▶ _What the task asks_:
Every line below from the one containing "China Amazon Hot" through the one containing "45445109 :رقم المزاد" must be transcribed exactly. Omit all lines outside that stretch.

▶ _Data supplied_:
+-------+
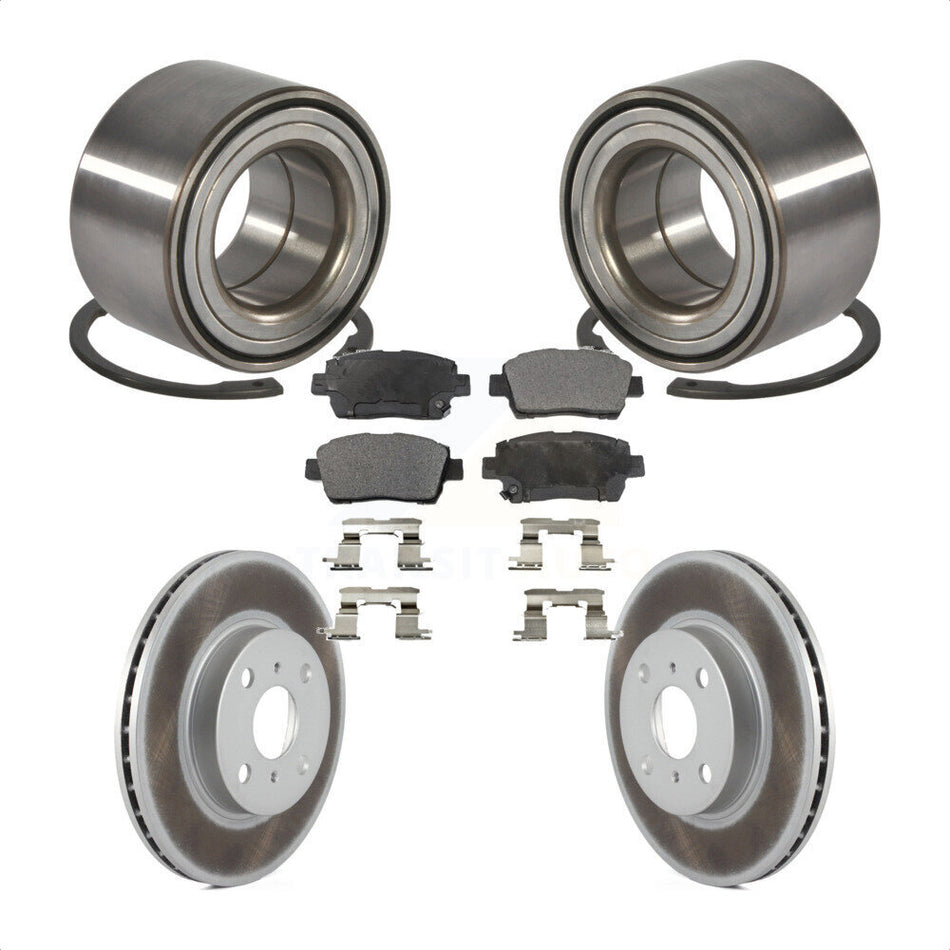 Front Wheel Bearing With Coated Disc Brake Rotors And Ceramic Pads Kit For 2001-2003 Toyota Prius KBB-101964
+-------+
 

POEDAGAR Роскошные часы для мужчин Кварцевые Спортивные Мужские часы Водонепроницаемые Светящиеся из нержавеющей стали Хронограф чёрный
+-------+
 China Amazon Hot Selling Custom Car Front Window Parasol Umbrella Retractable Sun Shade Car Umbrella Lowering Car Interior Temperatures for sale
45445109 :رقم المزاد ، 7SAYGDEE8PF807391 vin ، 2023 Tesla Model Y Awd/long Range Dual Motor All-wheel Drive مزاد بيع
+-------+
▶ _Task answer_:
 China Amazon Hot Selling Custom Car Front Window Parasol Umbrella Retractable Sun Shade Car Umbrella Lowering Car Interior Temperatures for sale
45445109 :رقم المزاد ، 7SAYGDEE8PF807391 vin ، 2023 Tesla Model Y Awd/long Range Dual Motor All-wheel Drive مزاد بيع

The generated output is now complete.